Antonio Tajani scuote la testa. Sospira. «Non si può. Senza l’America l’Europa non può fare qualcosa di utile per la tregua in Ucraina». In una stanza al secondo piano di un hotel nel centro di Bruxelles il ministro degli Esteri prende una penna e inizia a scrivere su un foglio bianco. A sinistra gli Stati Uniti, la Nato, a destra l’Europa, la Russia. In mezzo, l’Ucraina di Volodymyr Zelensky giunta a un bivio storico.
Trattare e scendere a patti con Putin, l’invasore. O far saltare il tavolo e continuare a sparare nelle trincee, finché Donald Trump non chiuderà i rubinetti degli aiuti militari americani. Sembrava che la prima strada, dopo quasi tre anni, si fosse fatta in discesa. Con l’apertura di Zelensky ai negoziati, il grido di aiuto sul Donbass e la Crimea. Poi ha parlato Putin e la salita si è fatta di nuovo ripidissima. Tajani ascolta il discorso in diretta, i diktat del presidente russo in sottofondo. E l’ottimismo iniziale su una soluzione negoziale inizia a sfumare. «Putin parla di compromesso. Bene, ma le parole non bastano. Devono seguire i fatti» taglia corto il vicepremier.
Reduce a Bruxelles da una girandola di incontri con i leader del Partito popolare. Alcuni in prima fila nella crisi ucraina. Come Donald Tusk, il presidente polacco che mercoledì sera si è attovagliato alla cena del segretario generale della Nato Mark Rutte insieme a Zelensky e la premier Giorgia Meloni. Trovare una quadra europea non è semplice. Farlo insieme agli Stati Uniti di Trump, ripete Tajani, è un imperativo. E il pensiero corre a chi in queste ore difende la linea durissima in Europa, dai Baltici ai polacchi, e dice: avanti con le armi.
E l’Italia? «Dobbiamo essere pontieri con gli Stati Uniti, i buoni rapporti tra Meloni e Trump aiutano». Guai a muoversi in ordine sparso, ammonisce insomma il capo della Farnesina e il rischio non è peregrino se qualcosa hanno insegnato i primi quattro anni di Trump alla Casa Bianca. «Non possiamo dividere l’Occidente. La storia insegna: la sua forza è tenere uniti i due pilastri, America ed Europa.
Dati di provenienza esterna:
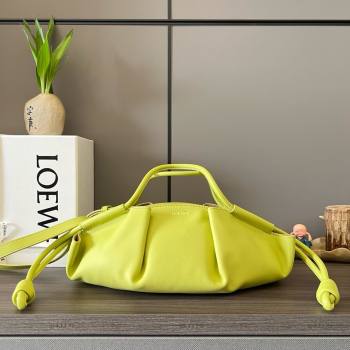 LOEWE Small Paseo bag in shiny nappa calfskin lemon yellow 2024 (yongsheng-240329-09)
Abbiamo dimenticato la Seconda guerra mondiale?».
Fuori dalla stanza dell’hotel procede il via vai dei Popolari. Manfred Weber, Ursula von der Leyen, il greco Mitsotakis. Tajani riprende carta e penna. Abbozza una cartina geografica, torna sulla guerra ai confini europei. E l’analisi è la seguente: «C’è la sensazione di un momento di svolta. Un pressing da entrambe le parti per arrivare a una soluzione negoziale. Ma prima la Russia deve smettere di fare la guerra». Inutile pensare al dopo, se i proiettili ancora fischiano nelle trincee. Infatti il ministro e leader di Forza Italia frena. Si mostra cauto, ad esempio, sulla proposta di un contingente europeo di peacekeepers da schierare al confine ucraino, lanciata fra gli altri dal ministro della Difesa Guido Crosetto. E se lui stesso ha lavorato a lungo con il presidente svizzero Ignazio Cassis per la prossima “conferenza di Pace” che dovrà vedere russi e ucraini seduti al tavolo, sa bene che la realtà sul campo parla di guerra e di una guerra che non accenna a fermarsi. «Io credo che anche i russi però abbiano capito che non possono proseguire – riprende, ed ecco lo sguardo posarsi sullo scenario mediorientale che toglie il sonno al Cremlino – la Siria è stata un colpo duro per Putin, la Russia non riesce a fare due guerre contemporaneamente». Dunque che fare? Citofonare Trump, per cominciare: è soprattutto nelle sue mani la sorte del conflitto che da tre anni macchia di sangue l’Ucraina. Sul punto Tajani si mostra cautamente ottimista. E spiega che no, Trump non staccherà la spina da un giorno all’altro come in tanti temono: «È un leader molto pragmatico, non vorrà cedere a Putin. Si intesterà il processo di pace. Dobbiamo lavorarci anche noi. Insieme all’America.